INFORMATION GIVEN:
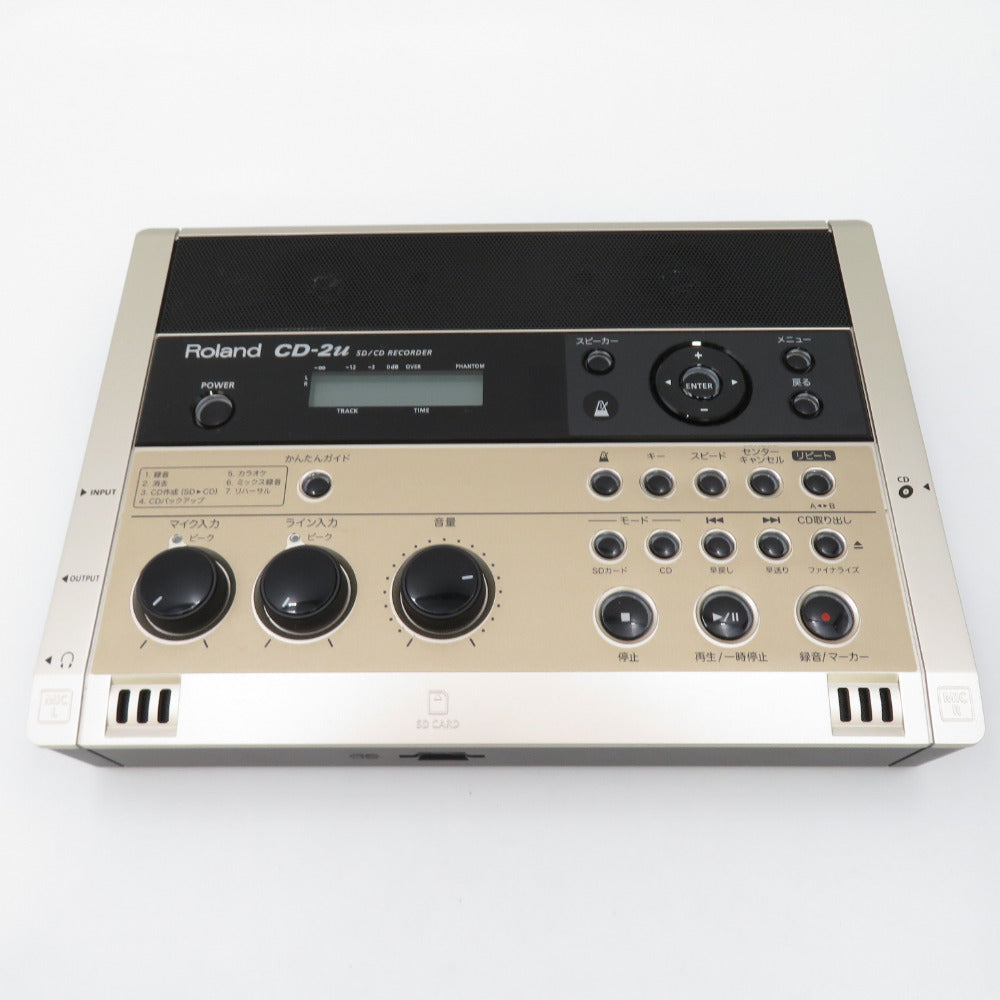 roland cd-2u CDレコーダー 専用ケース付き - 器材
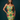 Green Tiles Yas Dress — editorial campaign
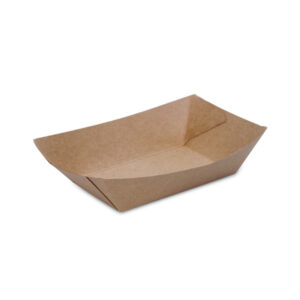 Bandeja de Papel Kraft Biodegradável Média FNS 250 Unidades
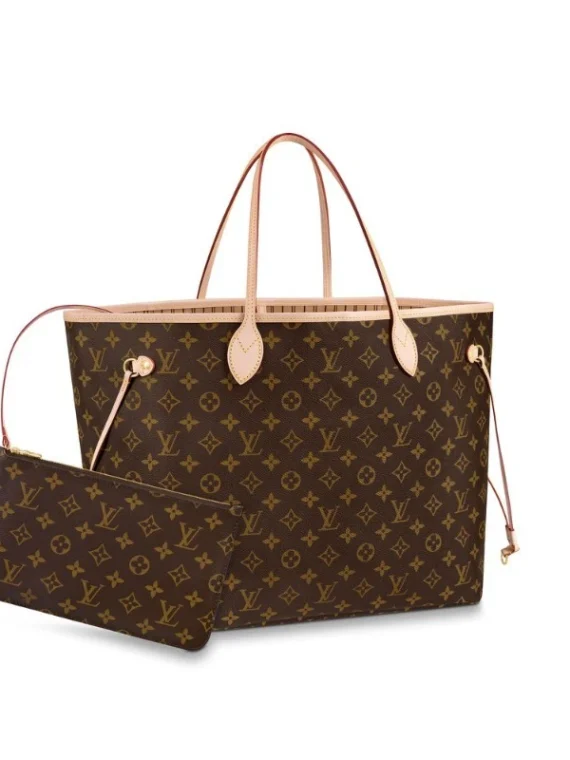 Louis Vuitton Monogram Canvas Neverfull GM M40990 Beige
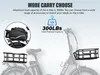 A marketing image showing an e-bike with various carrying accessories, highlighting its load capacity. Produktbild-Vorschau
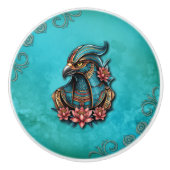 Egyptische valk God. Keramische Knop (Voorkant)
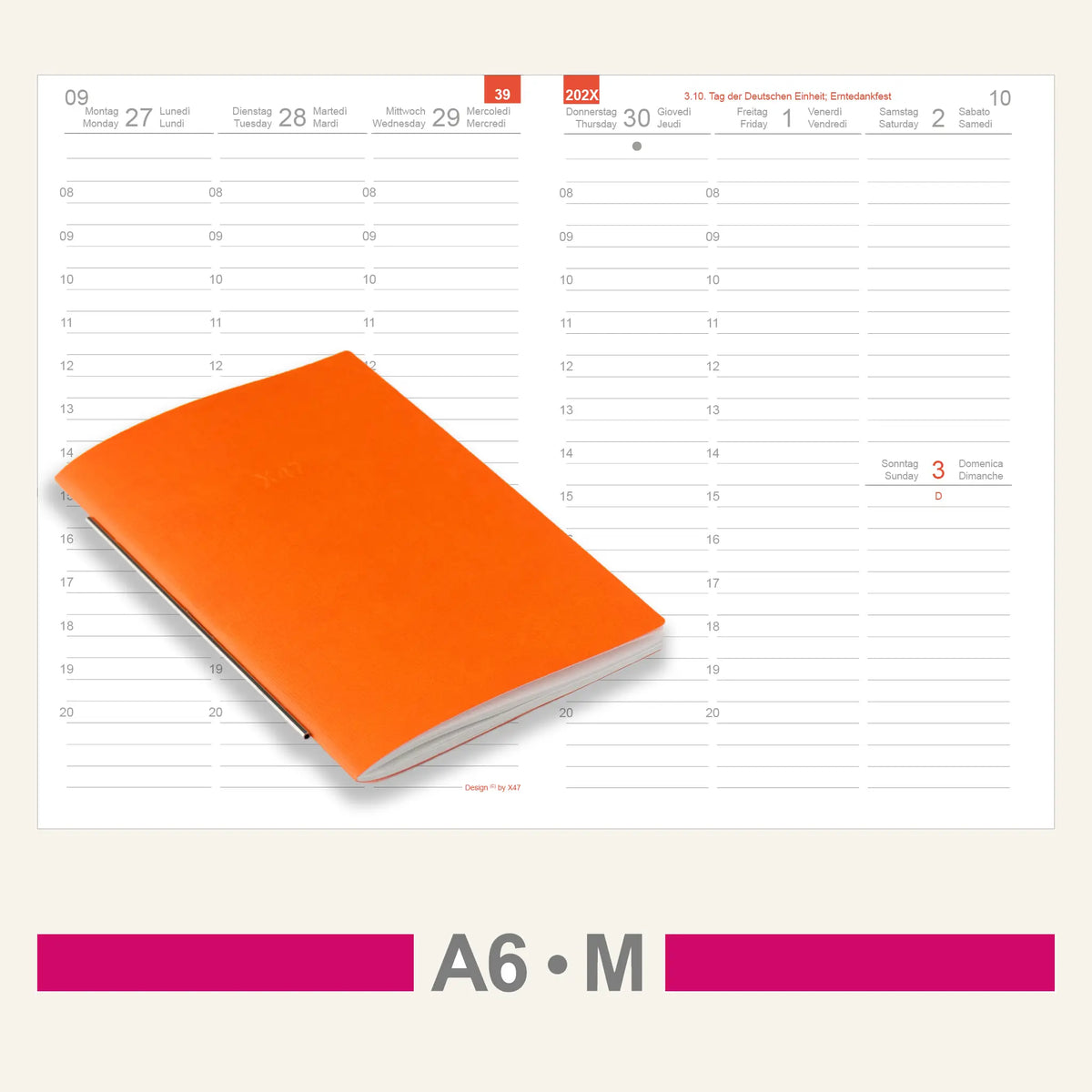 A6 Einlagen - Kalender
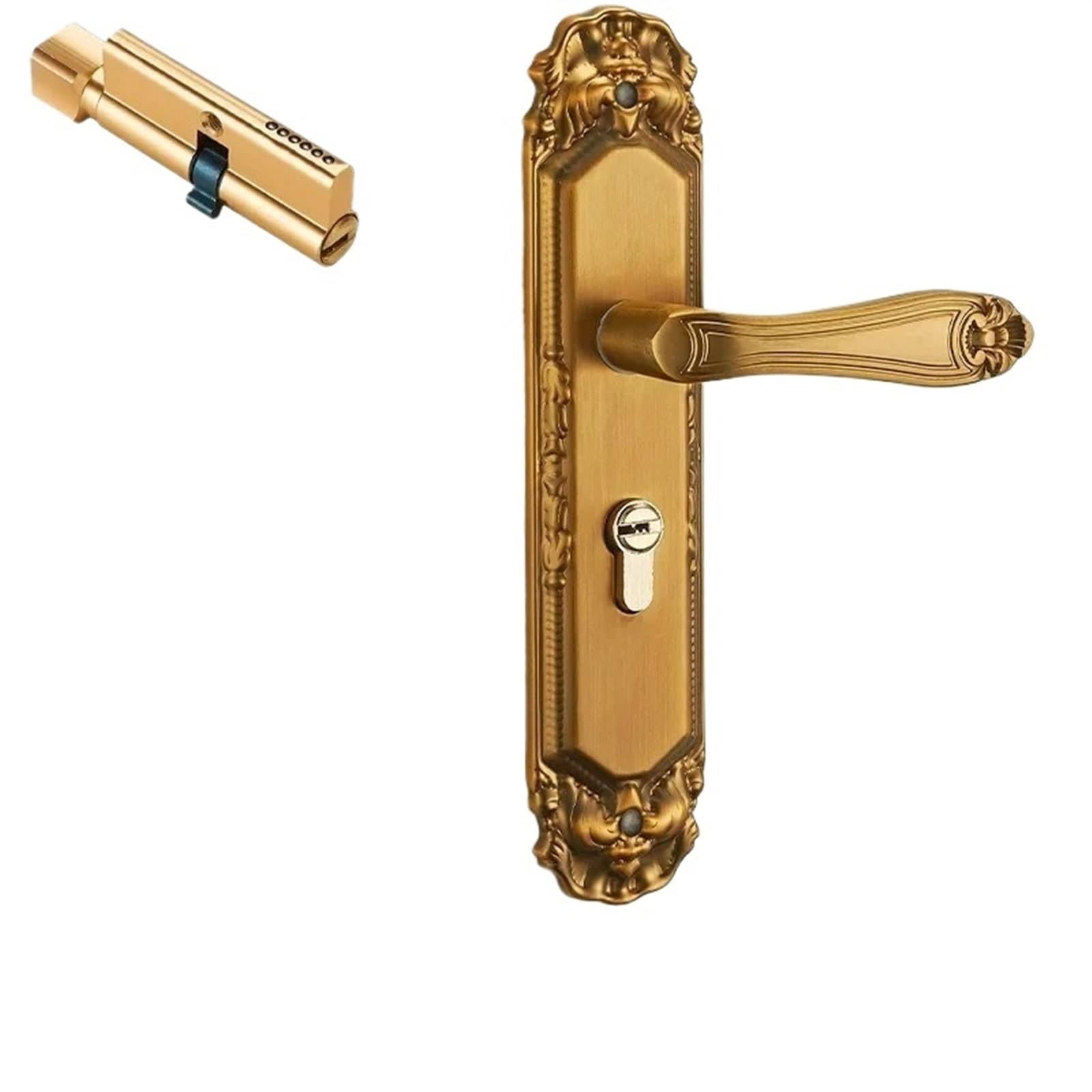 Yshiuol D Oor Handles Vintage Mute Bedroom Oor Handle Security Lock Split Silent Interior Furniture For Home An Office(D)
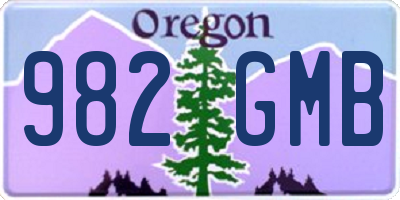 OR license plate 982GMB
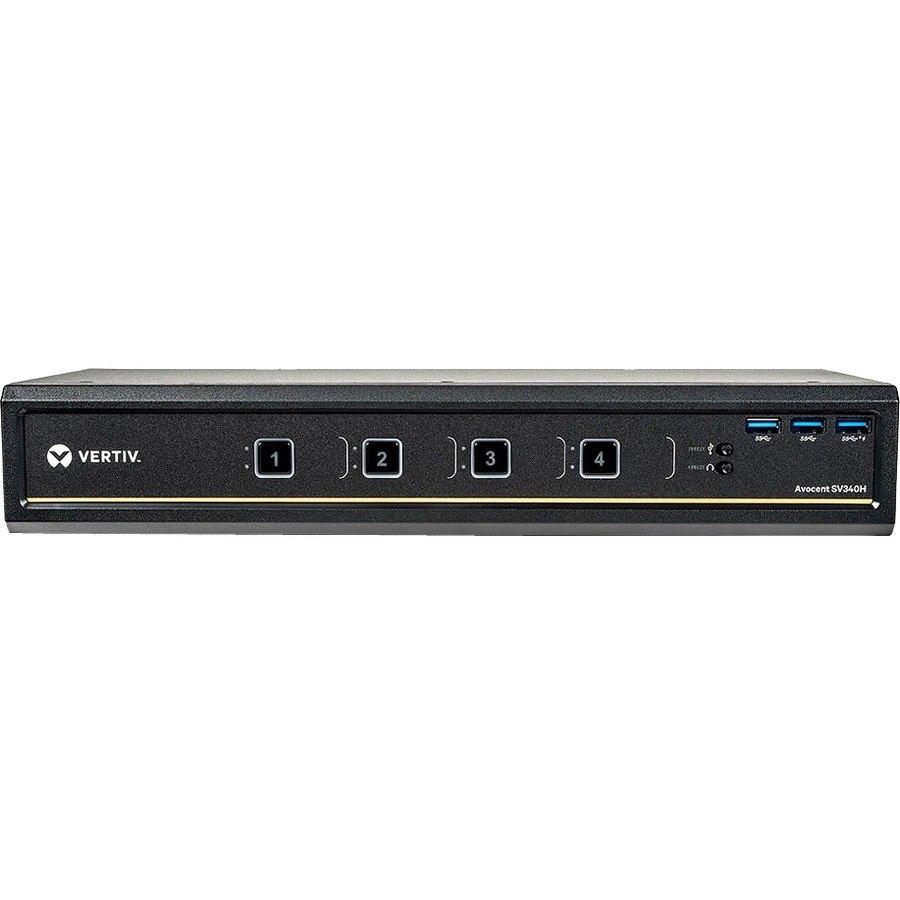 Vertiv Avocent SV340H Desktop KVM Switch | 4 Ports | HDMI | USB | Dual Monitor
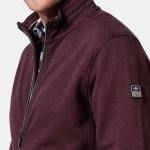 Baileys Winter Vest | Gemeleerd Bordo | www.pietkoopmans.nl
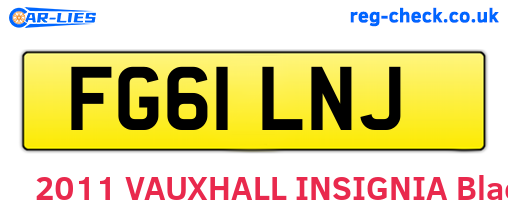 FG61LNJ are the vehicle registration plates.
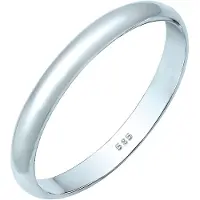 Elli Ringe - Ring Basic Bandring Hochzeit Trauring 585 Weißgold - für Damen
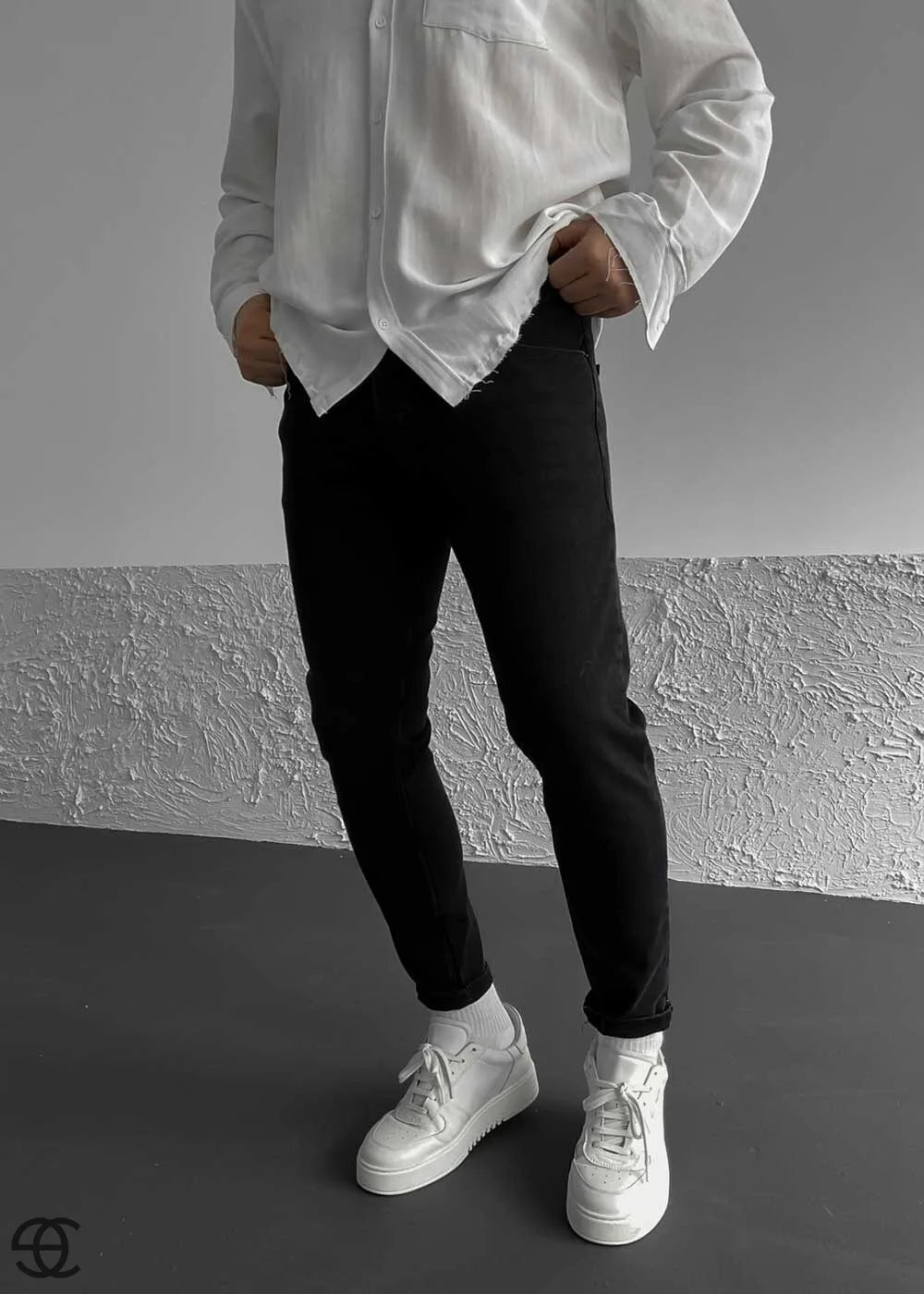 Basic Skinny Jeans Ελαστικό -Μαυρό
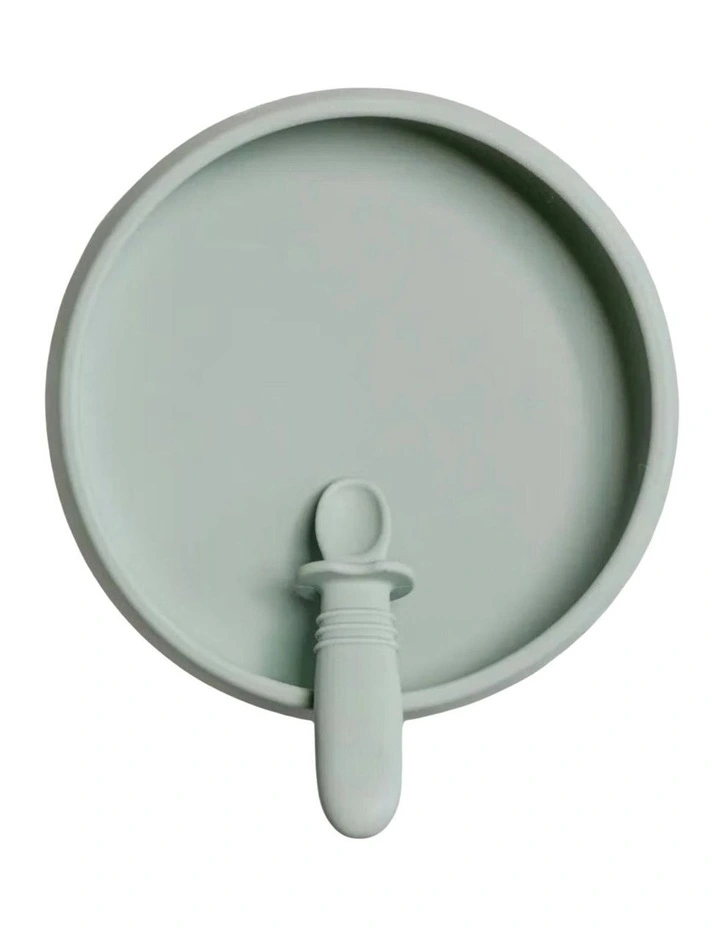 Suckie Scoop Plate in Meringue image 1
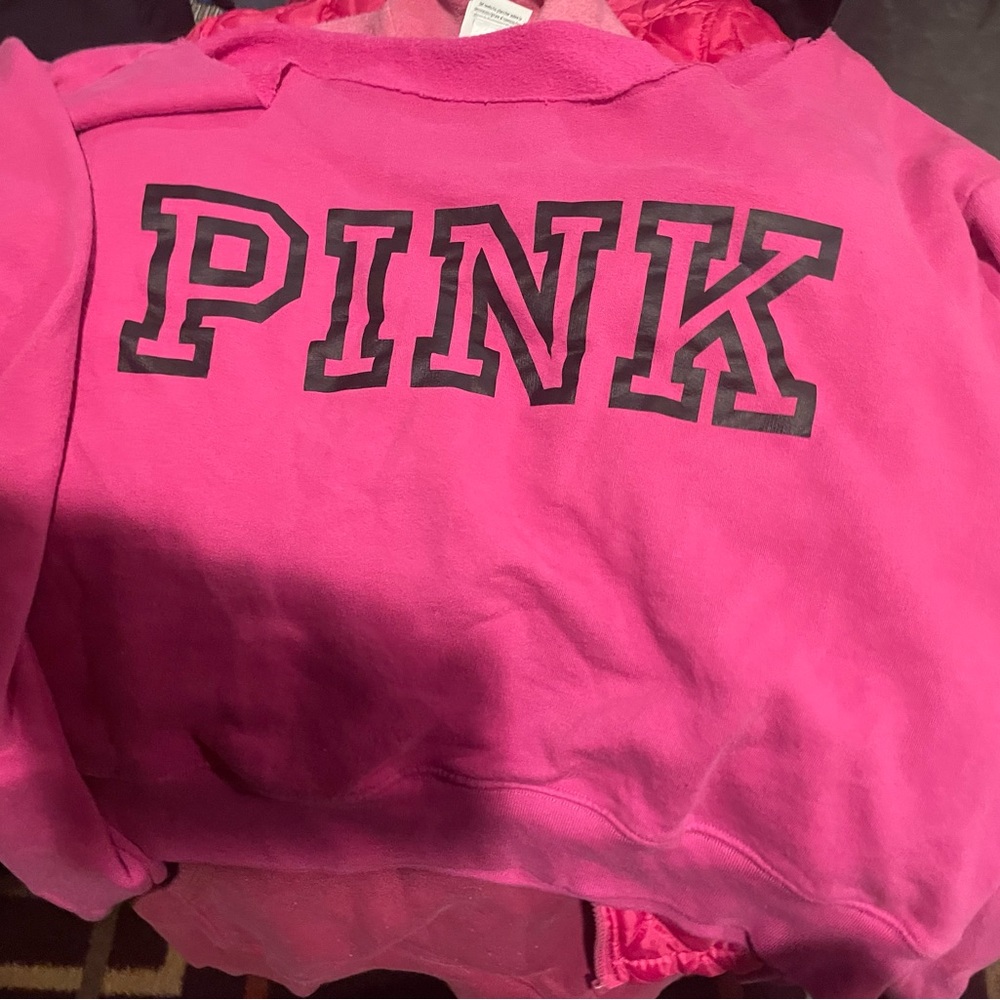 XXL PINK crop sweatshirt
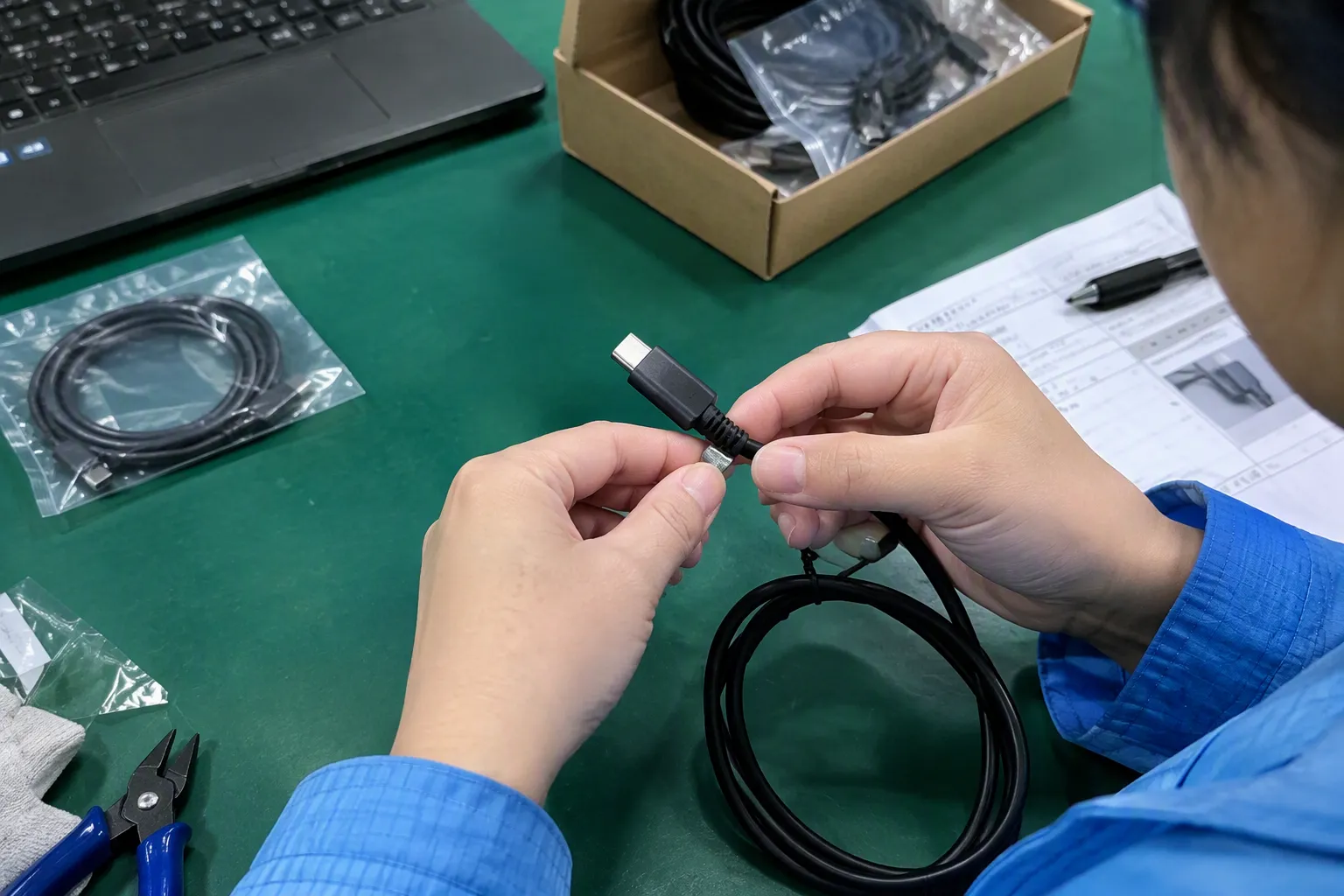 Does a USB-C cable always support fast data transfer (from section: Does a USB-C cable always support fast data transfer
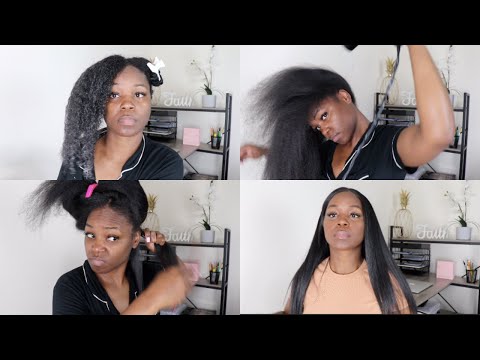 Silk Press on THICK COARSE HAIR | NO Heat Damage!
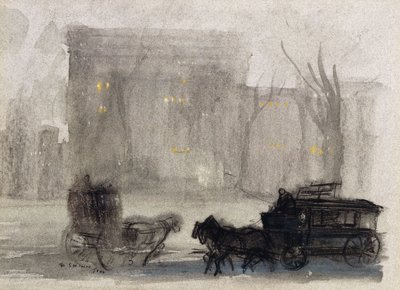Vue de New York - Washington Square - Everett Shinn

WHAT THIS TASK INVOLVES:
What is needed is every line of the data above, set down exactly but with the images left out.

EXERCISE RESPONSE:
 roland cd-2u CDレコーダー 専用ケース付き - 器材
 Green Tiles Yas Dress — editorial campaign
 Bandeja de Papel Kraft Biodegradável Média FNS 250 Unidades
 Louis Vuitton Monogram Canvas Neverfull GM M40990 Beige
 A marketing image showing an e-bike with various carrying accessories, highlighting its load capacity. Produktbild-Vorschau
 Egyptische valk God. Keramische Knop (Voorkant)
 A6 Einlagen - Kalender
 Yshiuol D Oor Handles Vintage Mute Bedroom Oor Handle Security Lock Split Silent Interior Furniture For Home An Office(D)
 OR license plate 982GMB
 Vertiv Avocent SV340H Desktop KVM Switch | 4 Ports | HDMI | USB | Dual Monitor
 Baileys Winter Vest | Gemeleerd Bordo | www.pietkoopmans.nl
 FG61LNJ are the vehicle registration plates.
 Elli Ringe - Ring Basic Bandring Hochzeit Trauring 585 Weißgold - für Damen
 Basic Skinny Jeans Ελαστικό -Μαυρό
 Suckie Scoop Plate in Meringue image 1
 XXL PINK crop sweatshirt
 Does a USB-C cable always support fast data transfer (from section: Does a USB-C cable always support fast data transfer
 Silk Press on THICK COARSE HAIR | NO Heat Damage!
Vue de New York - Washington Square - Everett Shinn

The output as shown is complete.